Postby JonE » March 11th, 2017, 8:46 am

hiriskpaul wrote:Is it legal to hold a vote amongst shareholders in a property management co. in which abstentions are counted for a resolution? Or against a resolution?

I would have thought there would be a corporate code to ban this sort of thing.


Dealing first with the company's internal rules of how it conducts itself, I am not any sort of specialist but would imagine that the odds are pretty good that this ManCo was originally created as an off-the-shelf company so the Articles of Association would be bog-standard. Depending on the type of company and when it was incorporated you may find model Articles here:
https://www.gov.uk/guidance/model-artic ... -companies

Articles can be changed and you may be able to see if revised articles have been filed and pick up other free snippets of info here (where you can also spend a few quid to get copies of relevant documents):
http://wck2.companieshouse.gov.uk//wcfr ... ompanyInfo

Just as an aside, does this company hold the freehold or is it really just a management company managing the building for a third-party free-holder? To simplify phrasing, let's assume the former, that each shareholder has a single share and that there's no additional 'shareholders agreement'.

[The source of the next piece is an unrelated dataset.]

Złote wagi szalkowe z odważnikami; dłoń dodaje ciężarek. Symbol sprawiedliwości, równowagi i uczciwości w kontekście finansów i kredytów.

Anyway, turning to external rules, normal interpretation is that those votes are counted which are 'for' the proposal and those which are 'against' the proposal with casting vote becoming involved where there is a tie. Abstentions are neither for nor against so are not counted for this purpose. If the vote is on a show of hands then one can see more obviously that abstentions don't count either way in deciding the outcome. A poll vote is, per Companies Acts, decided on the votes cast and not on, say, those eligible to vote. An abstention is not a vote (either way).

For ordinary resolutions to succeed they must gather a simple majority of the votes cast (including valid proxy votes). Special resolutions require 75% in order to be carried.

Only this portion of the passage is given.